• **REQUIRED ACTION**
Exact copy, no pictures: return only the lines below from the line with "Négocier Une Dette" up to and including the line with "Cleisostoma paniculatum, photographed".

• **AVAILABLE DATA**
# # # #

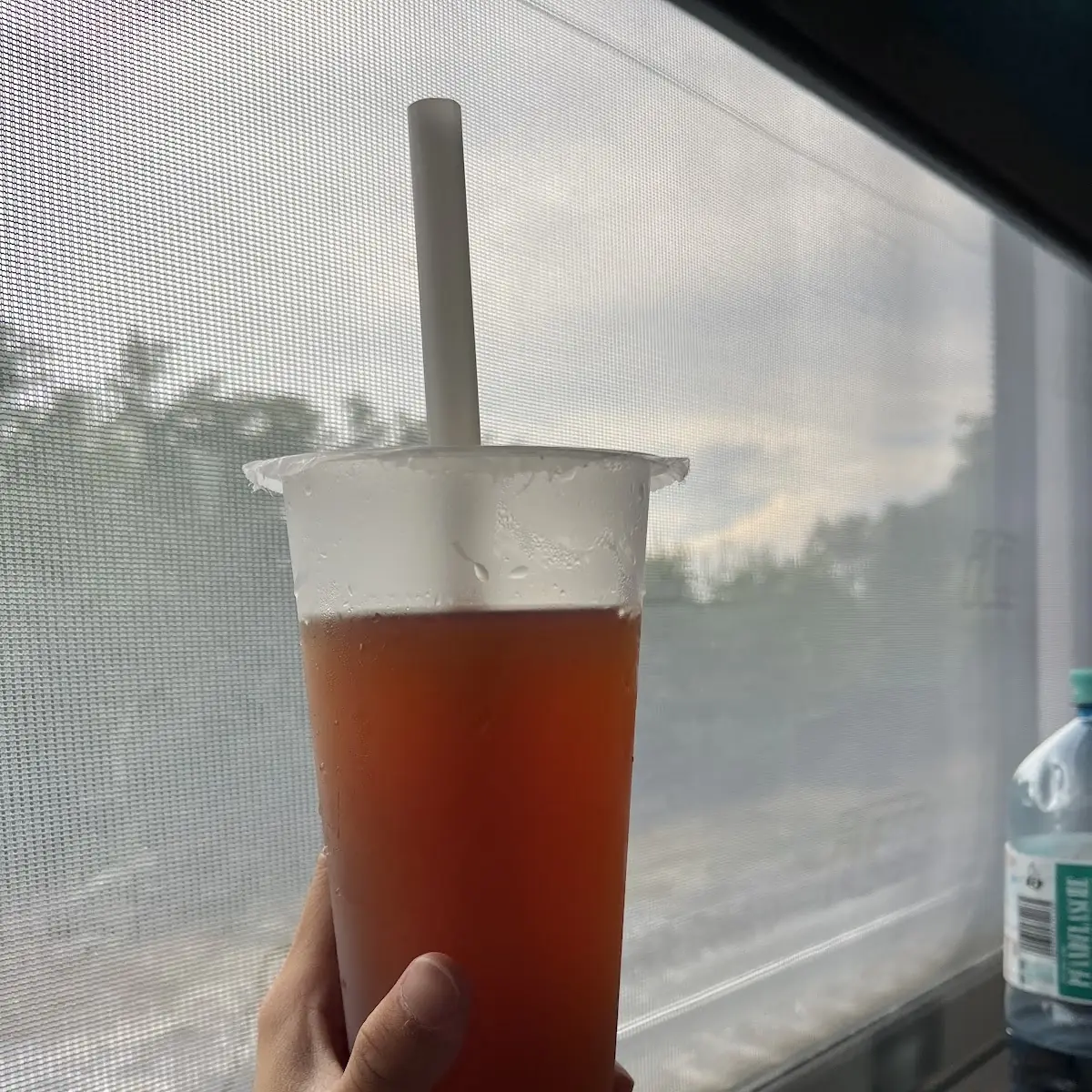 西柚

# # # #

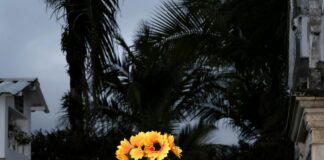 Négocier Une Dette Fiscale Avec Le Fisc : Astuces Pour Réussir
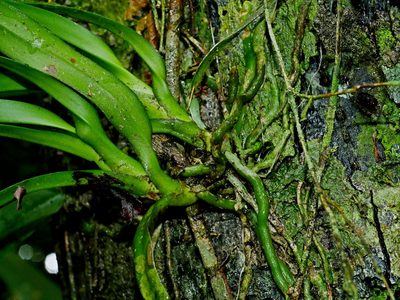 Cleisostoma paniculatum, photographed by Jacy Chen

# # # #

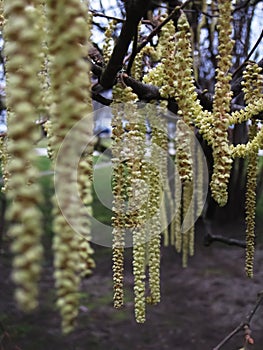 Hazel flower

# # # #

• **TASK RESPONSE**
 Négocier Une Dette Fiscale Avec Le Fisc : Astuces Pour Réussir
 Cleisostoma paniculatum, photographed by Jacy Chen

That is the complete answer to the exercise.